++++ DATA BLOCK

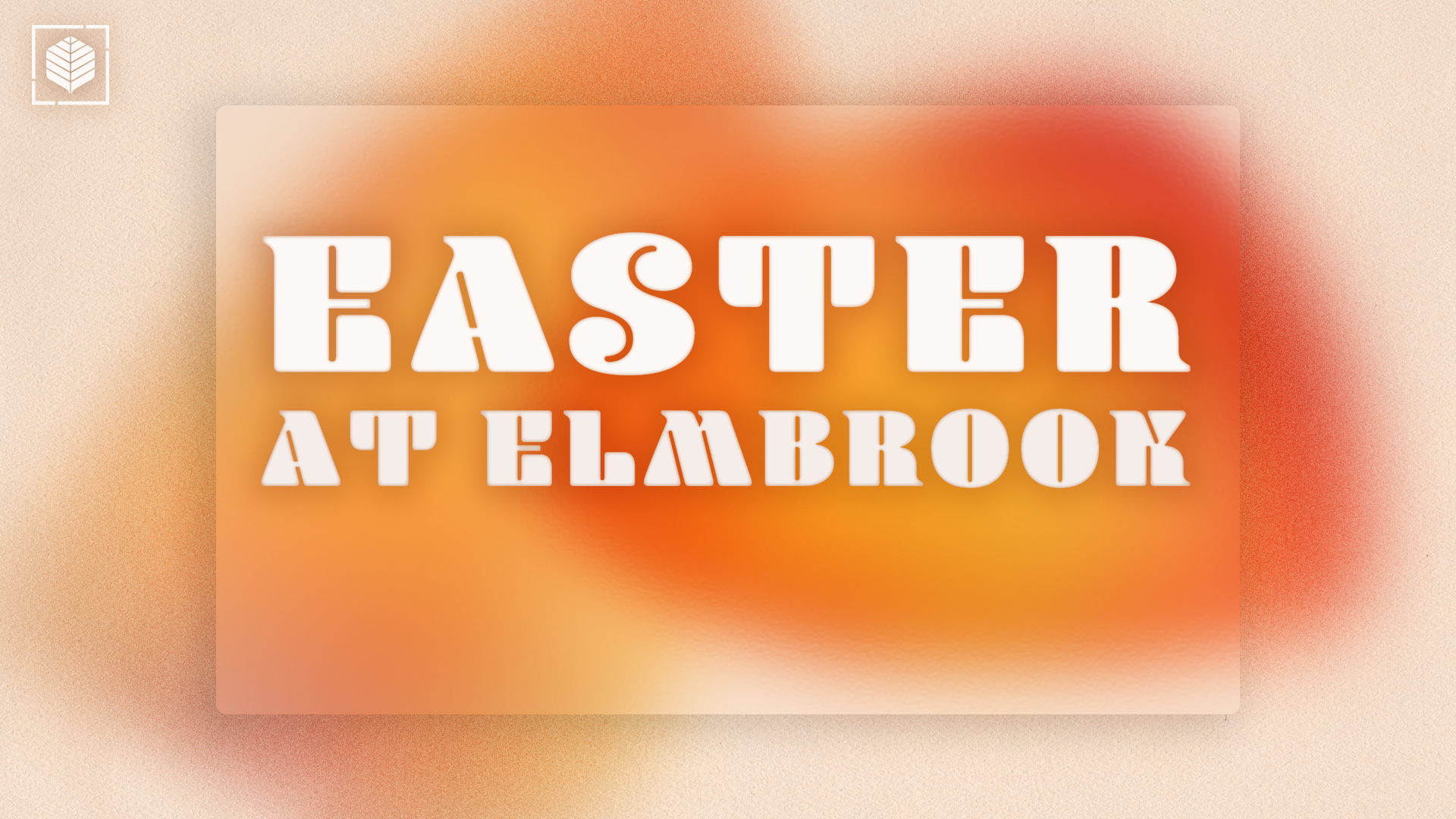 Elmbrook Church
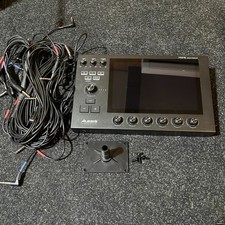 USADO - Módulo de bateria Alesis Strata Prime com cabo cobra e montagem na caixa original comprar usado  Enviando para Brazil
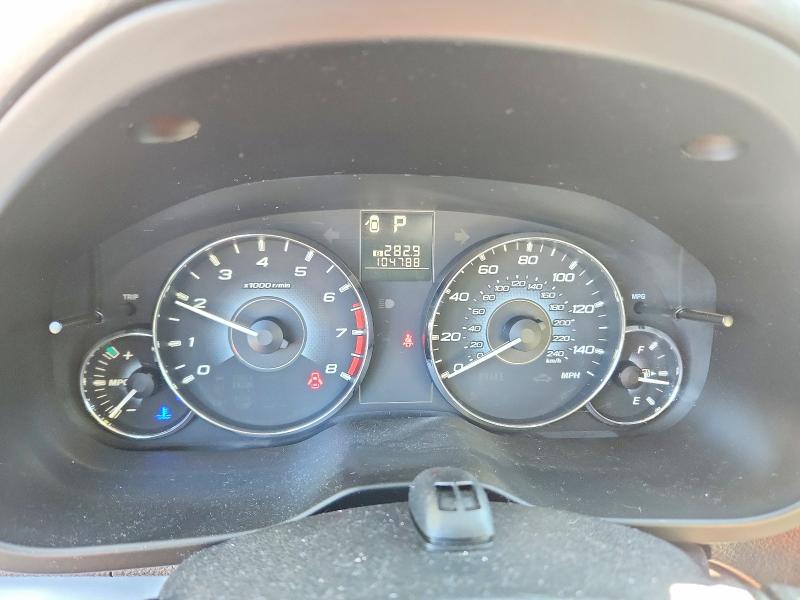 70292456 :رقم المزاد ، 4S4BRBCC1A3376427 vin ، 2010 Subaru Outback مزاد بيع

++++++++

→ **PROBLEM**: In transcribing the material above, reproduce each line exactly and include none of the pictures.

→ **RESULT OF THIS TASK**:
 Elmbrook Church
 USADO - Módulo de bateria Alesis Strata Prime com cabo cobra e montagem na caixa original comprar usado  Enviando para Brazil
 70292456 :رقم المزاد ، 4S4BRBCC1A3376427 vin ، 2010 Subaru Outback مزاد بيع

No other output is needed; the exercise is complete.